Pubdate: Wed, 26 Feb 2014
Source: Vancouver Sun (CN BC)
Copyright: 2014 The Vancouver Sun
Author: Ian Mulgrew
Bookmark: (Mandatory Minimum Sentencing)


Ottawa's Folly: B. C. Judges, U. S. See Flaws in Mandatory Minimum

B.C. Provincial Court Judge Joseph Galati has joined a handful of his 
colleagues in thumbing his nose at Ottawa's tough-on-crime legislation.

Along with their counterparts in Ontario and elsewhere, he and his 
fellow judges are finding it hard to stomach sending non-violent, 
chronic drug offenders to prison under recently imposed mandatory 
minimum sentencing guidelines.

In their opinion, when dealing with these by-and-large addled and 
addicted adults, compassion not incarceration is the answer, and to 
imprison them for at least a year constitutes cruel and unusual punishment.

On Jan. 24, Galati decided a 25-year-old, small-time Downtown 
Eastside drug dealer should serve only 191 days, despite his lengthy 
record and the statutory sentencing requirement.

While mandatory minimums make sense for offences such as murder, they 
leave no room for mercy and can produce significant injustice when 
applied to low-level drug crimes.

The victim surcharge fines raise their own issues for this cohort of 
poor, often homeless offenders.

There are two Orwellian-named laws causing much of the trouble - the 
Safe Streets and Communities Act, and the Truth in Sentencing Act. 
The imposes minimum sentences and fines, and restrict the credit a 
judge can give for the time an offender spends in pre-trial custody.

Last month, the Supreme Court of Canada heard the federal 
government's appeal of rulings that flouted the Truth in Sentencing Act.
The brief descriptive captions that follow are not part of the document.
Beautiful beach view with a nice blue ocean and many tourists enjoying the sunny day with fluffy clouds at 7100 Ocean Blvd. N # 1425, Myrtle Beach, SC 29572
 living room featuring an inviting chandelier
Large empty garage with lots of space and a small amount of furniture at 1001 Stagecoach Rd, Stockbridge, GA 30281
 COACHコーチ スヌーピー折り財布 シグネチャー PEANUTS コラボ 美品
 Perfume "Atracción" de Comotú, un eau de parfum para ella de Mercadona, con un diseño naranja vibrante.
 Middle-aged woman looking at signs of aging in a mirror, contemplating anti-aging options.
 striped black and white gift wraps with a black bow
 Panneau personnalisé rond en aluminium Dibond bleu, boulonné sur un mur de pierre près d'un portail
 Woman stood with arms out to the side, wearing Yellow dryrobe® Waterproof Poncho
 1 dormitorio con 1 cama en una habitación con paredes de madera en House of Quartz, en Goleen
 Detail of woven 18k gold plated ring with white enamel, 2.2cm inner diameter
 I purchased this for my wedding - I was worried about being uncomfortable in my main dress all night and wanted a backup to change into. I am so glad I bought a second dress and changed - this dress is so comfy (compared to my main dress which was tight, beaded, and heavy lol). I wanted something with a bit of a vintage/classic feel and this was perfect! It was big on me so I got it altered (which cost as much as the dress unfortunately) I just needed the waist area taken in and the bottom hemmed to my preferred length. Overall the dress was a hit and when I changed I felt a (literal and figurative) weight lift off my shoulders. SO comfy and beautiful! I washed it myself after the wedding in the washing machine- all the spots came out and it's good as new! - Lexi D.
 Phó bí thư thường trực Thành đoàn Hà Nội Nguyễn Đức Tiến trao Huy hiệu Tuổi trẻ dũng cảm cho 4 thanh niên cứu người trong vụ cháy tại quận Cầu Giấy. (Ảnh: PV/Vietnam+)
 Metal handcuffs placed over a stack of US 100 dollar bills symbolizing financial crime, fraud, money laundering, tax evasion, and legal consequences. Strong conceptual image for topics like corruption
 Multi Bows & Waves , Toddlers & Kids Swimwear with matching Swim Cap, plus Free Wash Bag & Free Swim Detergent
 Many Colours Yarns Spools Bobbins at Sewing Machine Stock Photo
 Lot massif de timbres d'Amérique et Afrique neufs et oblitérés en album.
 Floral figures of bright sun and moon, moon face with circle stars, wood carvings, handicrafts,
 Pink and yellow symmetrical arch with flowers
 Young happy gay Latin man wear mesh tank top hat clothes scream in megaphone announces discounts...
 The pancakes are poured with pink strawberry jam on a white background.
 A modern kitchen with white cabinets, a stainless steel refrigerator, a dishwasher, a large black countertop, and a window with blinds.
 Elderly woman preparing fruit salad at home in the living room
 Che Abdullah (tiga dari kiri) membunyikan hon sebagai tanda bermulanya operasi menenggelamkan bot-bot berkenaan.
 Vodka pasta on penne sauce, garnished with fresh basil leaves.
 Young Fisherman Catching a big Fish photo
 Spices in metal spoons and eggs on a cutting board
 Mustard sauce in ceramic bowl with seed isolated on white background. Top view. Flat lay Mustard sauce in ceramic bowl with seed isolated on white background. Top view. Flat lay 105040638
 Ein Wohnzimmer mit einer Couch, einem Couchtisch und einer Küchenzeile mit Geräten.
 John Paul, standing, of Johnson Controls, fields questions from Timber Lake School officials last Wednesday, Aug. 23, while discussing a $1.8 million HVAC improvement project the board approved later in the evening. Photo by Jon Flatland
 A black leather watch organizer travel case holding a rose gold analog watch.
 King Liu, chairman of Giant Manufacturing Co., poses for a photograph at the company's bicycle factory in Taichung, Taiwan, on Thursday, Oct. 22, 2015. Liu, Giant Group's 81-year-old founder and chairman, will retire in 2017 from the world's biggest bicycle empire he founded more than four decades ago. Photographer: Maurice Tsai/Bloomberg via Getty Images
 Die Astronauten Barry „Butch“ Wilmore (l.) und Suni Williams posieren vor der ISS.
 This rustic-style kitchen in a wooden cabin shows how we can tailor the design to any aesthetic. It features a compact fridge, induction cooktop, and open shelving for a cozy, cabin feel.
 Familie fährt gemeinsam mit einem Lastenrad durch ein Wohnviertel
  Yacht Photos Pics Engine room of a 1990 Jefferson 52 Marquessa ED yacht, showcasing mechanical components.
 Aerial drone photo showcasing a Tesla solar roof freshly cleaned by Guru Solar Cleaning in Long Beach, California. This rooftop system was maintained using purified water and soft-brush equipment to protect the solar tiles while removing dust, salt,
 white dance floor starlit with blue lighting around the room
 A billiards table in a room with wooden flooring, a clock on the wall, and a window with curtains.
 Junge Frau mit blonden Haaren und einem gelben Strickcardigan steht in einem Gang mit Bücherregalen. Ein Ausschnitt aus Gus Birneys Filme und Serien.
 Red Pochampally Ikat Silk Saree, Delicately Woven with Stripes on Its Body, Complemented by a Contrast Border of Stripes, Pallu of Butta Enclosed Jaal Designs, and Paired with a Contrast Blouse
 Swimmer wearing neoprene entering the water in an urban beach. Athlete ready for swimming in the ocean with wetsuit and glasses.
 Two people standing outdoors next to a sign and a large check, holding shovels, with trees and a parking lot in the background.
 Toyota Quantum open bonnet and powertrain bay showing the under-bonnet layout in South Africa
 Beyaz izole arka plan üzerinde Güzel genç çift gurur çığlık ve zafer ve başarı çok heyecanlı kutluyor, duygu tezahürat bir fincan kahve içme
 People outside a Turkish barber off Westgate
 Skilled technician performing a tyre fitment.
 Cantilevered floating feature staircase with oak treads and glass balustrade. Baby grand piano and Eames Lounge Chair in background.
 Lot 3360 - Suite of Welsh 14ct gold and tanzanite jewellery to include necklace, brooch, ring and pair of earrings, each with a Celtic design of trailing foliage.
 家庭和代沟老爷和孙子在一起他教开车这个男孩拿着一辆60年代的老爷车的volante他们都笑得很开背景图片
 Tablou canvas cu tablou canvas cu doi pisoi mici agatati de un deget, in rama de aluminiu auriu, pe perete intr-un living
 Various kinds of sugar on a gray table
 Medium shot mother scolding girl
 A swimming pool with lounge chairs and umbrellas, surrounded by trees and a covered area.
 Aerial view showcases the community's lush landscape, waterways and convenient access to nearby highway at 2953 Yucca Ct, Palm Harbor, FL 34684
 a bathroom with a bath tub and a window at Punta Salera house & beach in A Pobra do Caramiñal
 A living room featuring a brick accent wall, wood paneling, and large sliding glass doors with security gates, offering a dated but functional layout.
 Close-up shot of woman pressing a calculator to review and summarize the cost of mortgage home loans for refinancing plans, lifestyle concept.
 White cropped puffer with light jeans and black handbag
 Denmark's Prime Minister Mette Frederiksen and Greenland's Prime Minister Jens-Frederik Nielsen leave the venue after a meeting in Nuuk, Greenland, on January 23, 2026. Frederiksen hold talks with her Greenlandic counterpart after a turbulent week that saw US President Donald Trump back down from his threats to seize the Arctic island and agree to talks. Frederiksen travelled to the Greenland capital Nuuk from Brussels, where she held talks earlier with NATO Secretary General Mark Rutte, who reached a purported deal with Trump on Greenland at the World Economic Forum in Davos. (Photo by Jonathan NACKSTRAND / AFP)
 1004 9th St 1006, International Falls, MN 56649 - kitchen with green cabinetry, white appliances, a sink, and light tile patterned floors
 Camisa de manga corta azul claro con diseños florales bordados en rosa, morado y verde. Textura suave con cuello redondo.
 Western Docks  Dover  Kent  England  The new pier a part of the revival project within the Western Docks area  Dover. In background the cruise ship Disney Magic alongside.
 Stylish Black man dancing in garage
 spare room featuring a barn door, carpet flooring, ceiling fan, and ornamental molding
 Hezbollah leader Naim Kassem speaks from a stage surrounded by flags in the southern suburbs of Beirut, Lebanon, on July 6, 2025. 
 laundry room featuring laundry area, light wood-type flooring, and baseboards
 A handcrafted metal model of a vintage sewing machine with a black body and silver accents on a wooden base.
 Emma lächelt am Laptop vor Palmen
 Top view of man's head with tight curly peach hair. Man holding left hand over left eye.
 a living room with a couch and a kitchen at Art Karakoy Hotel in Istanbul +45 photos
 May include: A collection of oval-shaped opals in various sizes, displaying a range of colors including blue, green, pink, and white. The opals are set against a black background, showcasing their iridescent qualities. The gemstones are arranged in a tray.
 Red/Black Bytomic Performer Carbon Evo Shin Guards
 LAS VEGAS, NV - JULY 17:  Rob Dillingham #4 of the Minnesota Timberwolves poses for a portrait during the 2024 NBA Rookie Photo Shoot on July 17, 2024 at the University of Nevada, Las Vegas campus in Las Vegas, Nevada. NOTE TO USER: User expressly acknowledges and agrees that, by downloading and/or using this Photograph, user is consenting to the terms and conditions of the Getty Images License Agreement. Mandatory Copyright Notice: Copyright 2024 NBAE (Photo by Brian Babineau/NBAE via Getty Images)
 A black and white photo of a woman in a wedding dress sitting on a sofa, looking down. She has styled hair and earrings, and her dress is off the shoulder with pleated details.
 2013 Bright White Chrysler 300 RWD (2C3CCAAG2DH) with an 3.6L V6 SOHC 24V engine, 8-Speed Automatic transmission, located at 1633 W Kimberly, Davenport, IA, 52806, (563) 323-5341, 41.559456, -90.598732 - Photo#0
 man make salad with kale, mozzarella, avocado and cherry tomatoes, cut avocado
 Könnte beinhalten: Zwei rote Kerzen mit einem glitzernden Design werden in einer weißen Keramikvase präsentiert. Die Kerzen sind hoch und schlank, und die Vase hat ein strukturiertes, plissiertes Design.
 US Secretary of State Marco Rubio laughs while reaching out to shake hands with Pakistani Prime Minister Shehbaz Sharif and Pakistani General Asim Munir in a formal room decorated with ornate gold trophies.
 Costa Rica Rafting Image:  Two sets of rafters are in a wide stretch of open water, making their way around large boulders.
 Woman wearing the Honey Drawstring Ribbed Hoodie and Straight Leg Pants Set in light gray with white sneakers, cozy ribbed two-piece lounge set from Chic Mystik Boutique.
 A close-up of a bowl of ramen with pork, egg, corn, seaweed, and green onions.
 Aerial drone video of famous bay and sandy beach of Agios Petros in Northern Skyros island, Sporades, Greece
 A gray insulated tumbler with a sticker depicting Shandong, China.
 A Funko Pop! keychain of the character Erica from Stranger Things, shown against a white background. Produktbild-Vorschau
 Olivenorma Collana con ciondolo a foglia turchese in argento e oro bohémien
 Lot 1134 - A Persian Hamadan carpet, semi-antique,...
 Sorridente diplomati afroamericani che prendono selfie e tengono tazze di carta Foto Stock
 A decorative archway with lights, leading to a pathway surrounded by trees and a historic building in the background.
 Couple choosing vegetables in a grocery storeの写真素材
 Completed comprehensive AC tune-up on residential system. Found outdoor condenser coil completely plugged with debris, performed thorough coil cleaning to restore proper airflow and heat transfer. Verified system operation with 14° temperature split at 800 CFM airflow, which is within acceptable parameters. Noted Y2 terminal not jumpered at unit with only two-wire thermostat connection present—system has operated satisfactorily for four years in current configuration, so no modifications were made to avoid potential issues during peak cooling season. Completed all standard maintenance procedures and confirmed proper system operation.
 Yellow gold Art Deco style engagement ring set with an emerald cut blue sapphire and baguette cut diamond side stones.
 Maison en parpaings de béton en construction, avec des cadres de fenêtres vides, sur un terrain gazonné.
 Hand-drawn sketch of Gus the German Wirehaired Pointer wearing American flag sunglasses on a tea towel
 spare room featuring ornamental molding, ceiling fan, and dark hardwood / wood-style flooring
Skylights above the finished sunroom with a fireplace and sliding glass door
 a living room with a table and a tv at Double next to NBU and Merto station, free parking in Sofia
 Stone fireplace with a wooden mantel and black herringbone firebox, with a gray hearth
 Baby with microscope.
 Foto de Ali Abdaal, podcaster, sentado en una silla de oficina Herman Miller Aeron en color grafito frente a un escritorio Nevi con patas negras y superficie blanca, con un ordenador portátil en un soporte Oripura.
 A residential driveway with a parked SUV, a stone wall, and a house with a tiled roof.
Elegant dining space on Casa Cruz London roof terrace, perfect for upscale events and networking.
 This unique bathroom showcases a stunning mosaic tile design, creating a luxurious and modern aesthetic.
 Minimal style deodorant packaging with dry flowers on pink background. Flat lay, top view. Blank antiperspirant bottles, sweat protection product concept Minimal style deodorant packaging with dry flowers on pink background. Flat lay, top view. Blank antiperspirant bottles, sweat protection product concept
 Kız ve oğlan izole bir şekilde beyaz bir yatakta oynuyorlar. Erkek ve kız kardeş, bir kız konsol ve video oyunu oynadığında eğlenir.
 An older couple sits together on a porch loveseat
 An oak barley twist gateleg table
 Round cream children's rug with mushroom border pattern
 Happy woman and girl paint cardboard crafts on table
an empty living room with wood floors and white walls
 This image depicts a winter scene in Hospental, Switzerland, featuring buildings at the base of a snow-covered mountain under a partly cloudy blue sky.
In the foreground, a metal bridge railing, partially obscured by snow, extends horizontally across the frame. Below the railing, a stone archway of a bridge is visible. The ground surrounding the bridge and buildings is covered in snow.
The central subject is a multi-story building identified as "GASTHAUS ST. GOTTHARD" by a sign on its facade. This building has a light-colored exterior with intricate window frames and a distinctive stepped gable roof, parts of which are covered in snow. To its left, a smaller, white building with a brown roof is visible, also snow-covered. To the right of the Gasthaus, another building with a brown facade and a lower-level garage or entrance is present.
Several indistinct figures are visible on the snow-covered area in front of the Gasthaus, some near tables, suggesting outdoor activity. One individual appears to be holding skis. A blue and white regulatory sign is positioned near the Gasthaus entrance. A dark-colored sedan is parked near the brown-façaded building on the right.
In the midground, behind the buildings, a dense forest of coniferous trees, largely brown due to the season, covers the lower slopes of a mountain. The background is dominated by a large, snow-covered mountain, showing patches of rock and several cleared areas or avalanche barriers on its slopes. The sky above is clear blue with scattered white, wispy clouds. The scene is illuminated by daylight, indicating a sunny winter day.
Judges in those cases complained that the act caused inequity by 
restricting sentencing discretion because it eliminates the practice 
of giving offenders 1.5-times credit for time spent incarcerated 
under more onerous pretrial conditions.

That the government hasn't simply responded to the judicial concerns 
is odd as sentencing reform is happening across the continent.

U.S. Attorney General Eric Holder issued a memo in August to federal 
prosecutors, directing them to avoid triggering that country's 
mandatory minimum sentences unless there were exceptional circumstances.

The U.S. got seriously enthusiastic about this drift-net approach to 
sentencing 30 years ago - and the policy filled the country's 
prisons, primarily with minority offenders, while stripping state treasuries.

Today, Americans see the error of their ways, and recognize that the 
effect of such legislation was akin to the Jim Crow laws that 
buttressed segregation and discrimination from the end of the Civil 
War until the mid-20th century.

In January, the U.S. Sentencing Commission, which sets policy for 
federal courts, proposed a series of changes to reduce penalties for 
some drug charges. The reforms would reduce sentences by 11 months 
for around 70 per cent of federal drug-trafficking offenders, and 
reduce the federal prison population by about 6,550 within five years.

At the end of last month, the Senate Judiciary Committee put forward 
the Smarter Sentencing Act - it's also aimed at reducing mandatory 
minimum sentences.

It would allow judges to sentence nonviolent drug offenders below a 
mandatory minimum if the court finds they have no prior firearm, 
racketeering, terrorism or sex offence convictions.

There are opponents to these moves - for instance, the National 
Association of Assistant United States Attorneys warns they lead to 
"a crime-riddled future."

But such voices are a minority.

Mandatory minimums rob judges of valuable discretion that allows them 
to fashion an individual sentence to fit the specific circumstances 
of a crime. They push up judicial and corrections costs by removing 
any incentive for a plea bargain as incarceration is inevitable, and 
thusly increasing the prison population.

It is hard to understand why Ottawa has been so insistent on imposing 
and staunchly defending this discredited approach.

Other commonwealth countries have a general exemption that allows 
judges to make an exception in extraordinary cases.

Obviously, there needs to be a safety valve that allows judges a 
chance to prevent injustice - especially since our aboriginal 
population is so vastly over-represented in the prison system.